Ofcom reveals extent of Royal Mail’s letter delivery competition

Britain’s Communication Workers Union demanded an urgent intervention from regulator Ofcom yesterday to protect the universal postal service. The union, which has been lobbying along with Royal Mail to have universal service-type standards imposed on rival TNT Post UK, said a new report from Ofcom revealing a “steep” decline in mail volumes in the UK showed the need for regulatory action.

The figures revealed that addressed mail volumes dropped by 4.5% in 2013 compared to the year before.

The 14.8bn addressed items mailed last year was 28% down from the 20.6bn mailed in 2008. Ofcom blamed the switch to electronic communications for the structural decline of the mail market.

While addressed mail volumes have been declining, addressed mail revenue has risen more than 10% since 2008, and 2.7% last year, with Royal Mail price increases pushing the figure up to £7.5bn in 2013.

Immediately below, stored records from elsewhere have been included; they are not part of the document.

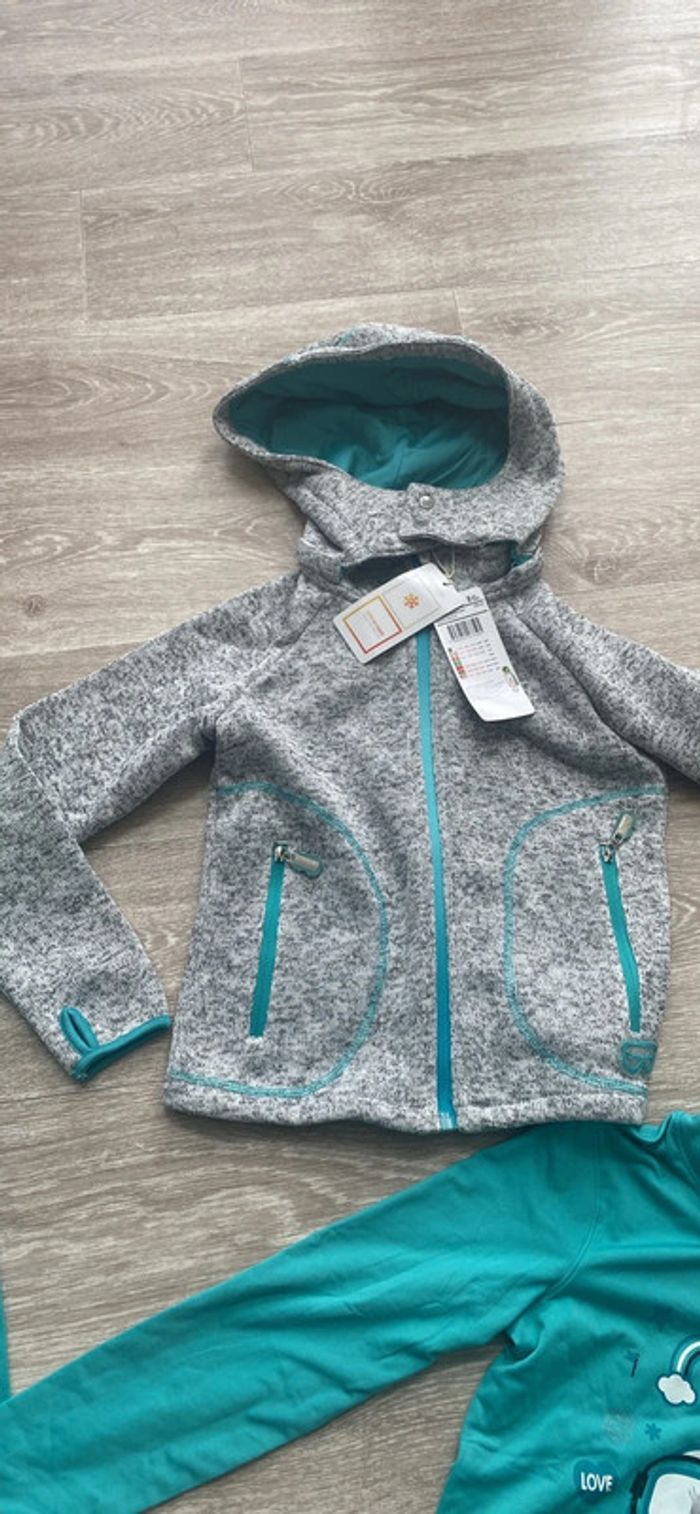 Lot pour hiver 8 ans neuf avec étiquette - photo numéro 4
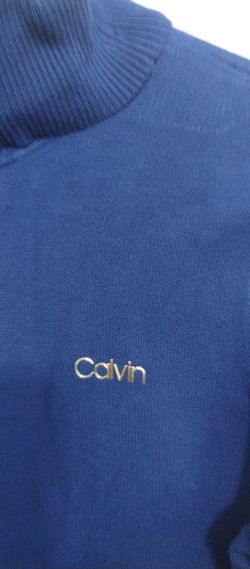 Blusa suéter azul rey
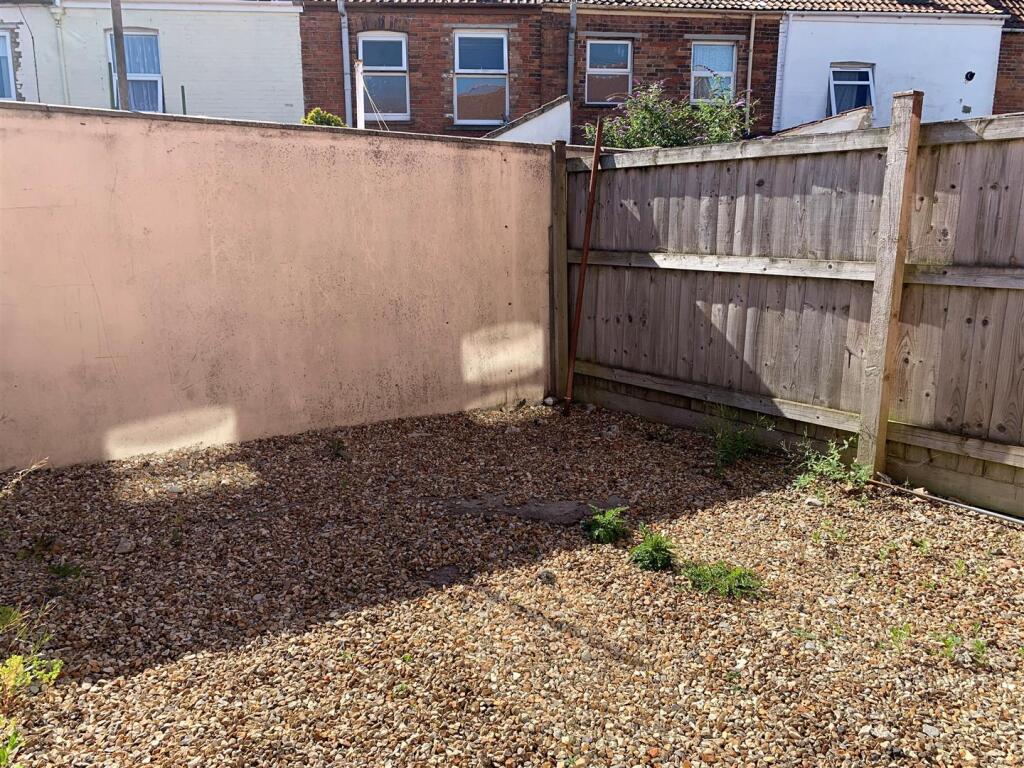 garden.jpg
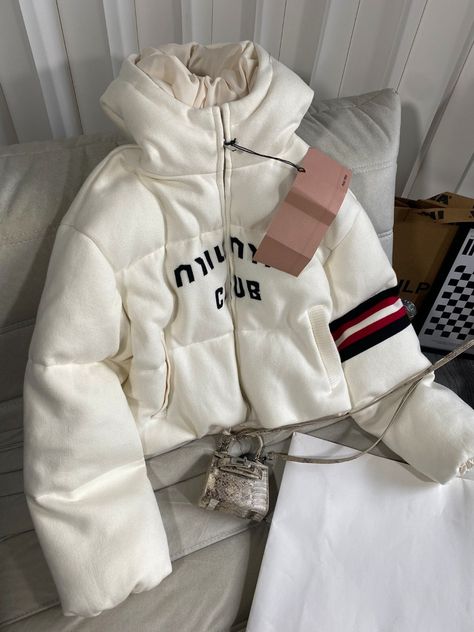 Miu Miu Puffer Jacket, Miu Miu Pink Puffer Jacket, Cute Outfits To Wear To School, Cute Outfits To Wear, Outfits To Wear To School, Winter Wedding Outfits, Outfits For School, Outfits To Wear, Cute Outfits For School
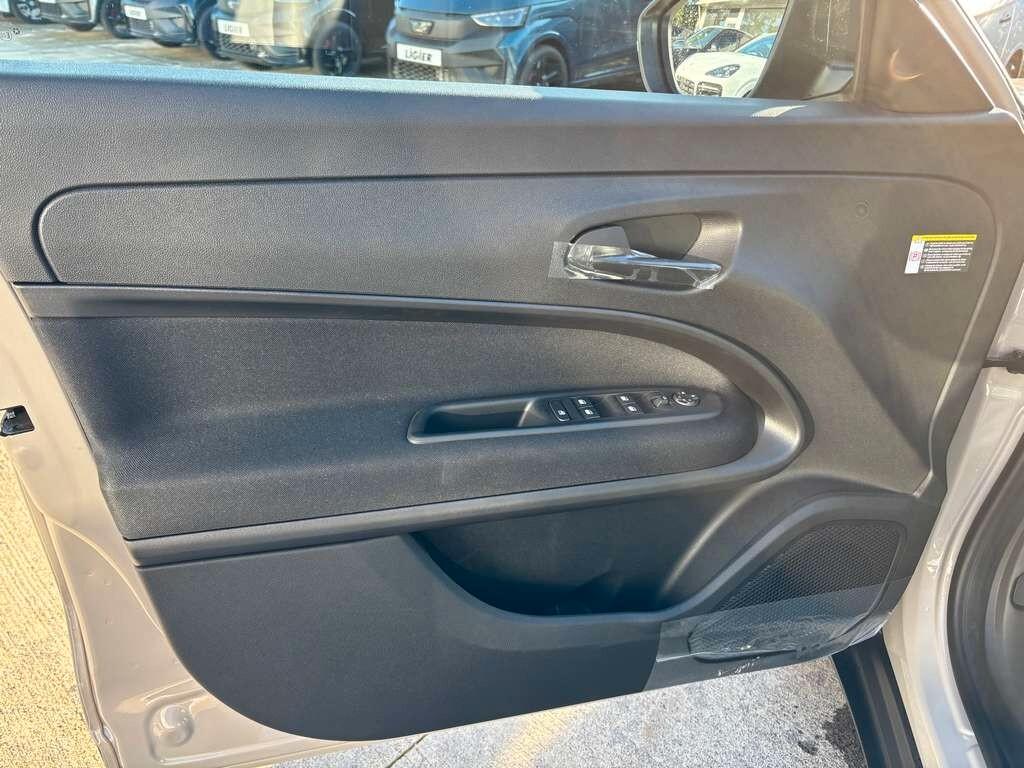 Fiat 600 Hybrid 110 CV DCT MHEV Icon 2026 KM 0 IVA ESPOSTA Tua a soli 209 Euro al mese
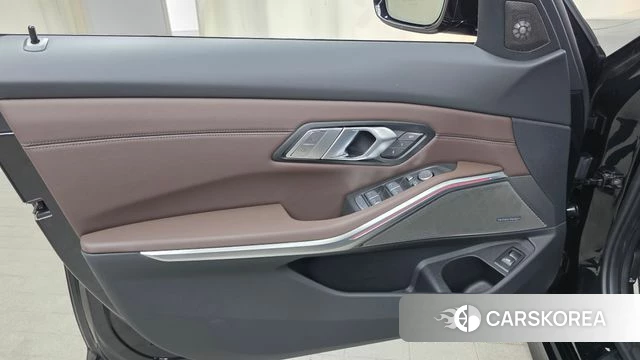 BMW 3 Series (G20) id 4499253 из Кореи 16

The CWU, which represents 115,000 Royal Mail non-managerial staff, said it was time for Ofcom to undertake an “urgent review” of the threat to the universal service from Royal Mail’s competition in the end-to-end delivery market.

Billy Hayes, the union’s general secretary, said: “The number of letters being sent is declining year-on-year and if we want to ensure that the USO is protected then urgent regulatory intervention is needed from Ofcom.

“Failure to act will compromise Ofcom’s ability to meet its statutory duties. Other postal companies who directly deliver to customers are not held to the same standards as Royal Mail and this means competition is unfair.”

TNT service

TNT Post UK began its rival service in April 2012 in West London, and has since expanded to northwest, southwest and parts of central London, as well as Manchester and Liverpool. It now delivers to 1.2m of Britain’s 29m addresses, through 23 delivery units, delivering three days per week. The firm has a new co-investor to support its expansion to additional parts of the UK.

The Dutch-owned company led a tripling of the end-to-end delivery volumes not passing through Royal Mail’s hands in 2013 compared to 2012, according to Ofcom’s newly-released data. Other small-scale local delivery firms also increased their volumes, but the 56.1m items delivered by operators other than Royal Mail nevertheless represented less than 0.4% of addressed mail volumes in 2013. By comparison, Royal Mail’s end-to-end delivery volume fell by 9.4% in 2013, to 7.5bn items.

Rival end-to-end revenues comprised just £11.3m in 2013, up 82% on 2012 thanks to TNT’s expansion, but still only 0.15% of total end-to-end letter revenue.

Ofcom has so far resisted Royal Mail and the CWU’s calls to bring forward its planned 2015 review of competition in the UK mail market, stating that so far the evidence did not persuade it that TNT Post UK is proving a significant threat to Royal Mail’s universal service just yet. The regulator does have the power to impose certain conditions on Royal Mail’s rivals if it believes they are threatening the universal service, such as mail service standards or the requirement to pay into a central fund to support the universal service.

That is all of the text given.